Uber’s Engineering Stack at Scale

  • Monorepo adoption

    • Uber started with hundreds of separate repos (networking, experimentation, analytics each had their own), which made dependency upgrades painful — every team had to manually bump versions across the chain.
    • iOS moved to a monorepo first (notably while also migrating to Swift), and Android followed by freezing the codebase for a weekend and migrating everyone at once.
    • Later, Java and Go monorepos were migrated to using Bazel as the build system.
    • The main benefit: standardized code meant a centralized team could update a networking library or Google Play Services for everyone at once, rather than coordinating across hundreds of repos.
    • The main tradeoff: teams lost the ability to break APIs without thinking about all consumers immediately. Some teams pushed back, arguing builds would be slower, but the macro productivity gain outweighed individual team slowdowns.
    • Companies like Amazon and Netflix make multi-repo work with tooling that manages “golden version sets” — essentially a monorepo without being one — but Gautam argues monorepo is generally easier if you invest in tooling.

  • SubmitQueue

    • A system to guarantee a green main branch by serializing commits and testing them in combination before merging.
    • At Uber’s scale (roughly one commit per minute across thousands of engineers), running tests sequentially on each commit would take forever, and not testing cross-dependencies meant constant breakage.
    • The SubmitQueue used ML models to estimate which changes might cause failures, speculatively tried paths that might be green, and backtracked when needed.
    • It was novel enough that Uber published an academic paper on it. Very few companies have anything similar even today.

  • DevPods (Cloud Developer Environments)

    • Containerized development environments running in the cloud, with pre-indexed code and pre-warmed build caches.
    • Engineers could spin up a DevPod in seconds with a single command — no bootstrap scripts, no environment setup.
    • Key innovation: all DevPods used the same home directory path (/home/user), so shared indices didn’t need path denormalization (which took ~1 hour with JetBrains’ shared index approach). This enabled ~6 second boot times.
    • Multi-tenant and timezone-aware: machines were provisioned close to developers (e.g., India vs. US) to minimize latency for build cache uploads/downloads.
    • Supported multiplexing — running multiple DevPods on different features simultaneously, each with warm caches.
    • The challenge with cloud dev environments generally is that teams often start with the container solution rather than understanding the developer workflow first. Uber’s approach was to map the workflow and then adapt the container to it, pushing background updates every few hours transparently.

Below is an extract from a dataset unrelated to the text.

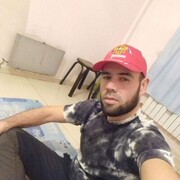  ,   , 32 ,   c 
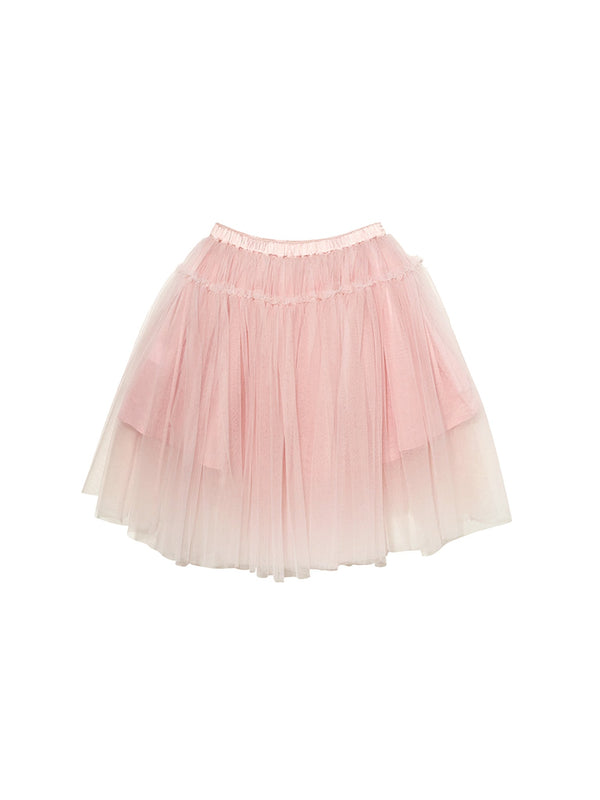 Dandy Skirt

  • Local Developer Analytics (LDA)

    • A daemon running on developers’ machines that collected system metrics (CPU, memory) and integrated deeply with CLI tools and IDEs.
    • Tracked which files engineers edited most, which files had the most bugs, and where developers dropped off in the funnel (e.g., PRs failing to create due to build errors).
    • This was novel at the time — even large companies didn’t have this kind of end-to-end developer observability. It powered dashboards and deep analytics that Uber still uses today.
    • Uber worked with vendors like JetBrains to upstream some of these needs into products everyone now uses.

Measuring Developer Productivity

  • Starting with sentiment

    • Uber began with NPS surveys. When measurement efforts started, developer NPS was around -50; by the time Gautam left, it was around +8.
    • Surveys are essential because even with perfect metrics, if development “feels” wrong, you need to know.

  • What was measured

    • Build times, time to code review, time spent in meetings, focus time, and diffs per engineer.
    • Time to code review was the biggest bottleneck — P90s could be days, especially across time zones (e.g., Amsterdam waiting for SF reviews, adding ~10 hours of delay).
    • CI time was a blip compared to review time.

  • How metrics were used

    • Aggregated at a high level to find bottlenecks and guide investment, never for individual performance reviews or promotion decisions.
    • Zero diffs in a year would trigger a conversation with the manager to understand what was going on, but wasn’t treated as a blanket performance signal.
    • Teams focused on unblocking: auto-approving PRs with minor semantic changes, auto-landing approved PRs to avoid rebase conflicts, nudging reviewers.

  • The risk of misuse

    • Diffs per engineer can be misleading — someone writing docs, influencing strategy, or unblocking other teams may have fewer diffs but high impact.
    • Gautam emphasizes that metrics should flow from what engineers actually complain about, not from blindly adopting an industry framework.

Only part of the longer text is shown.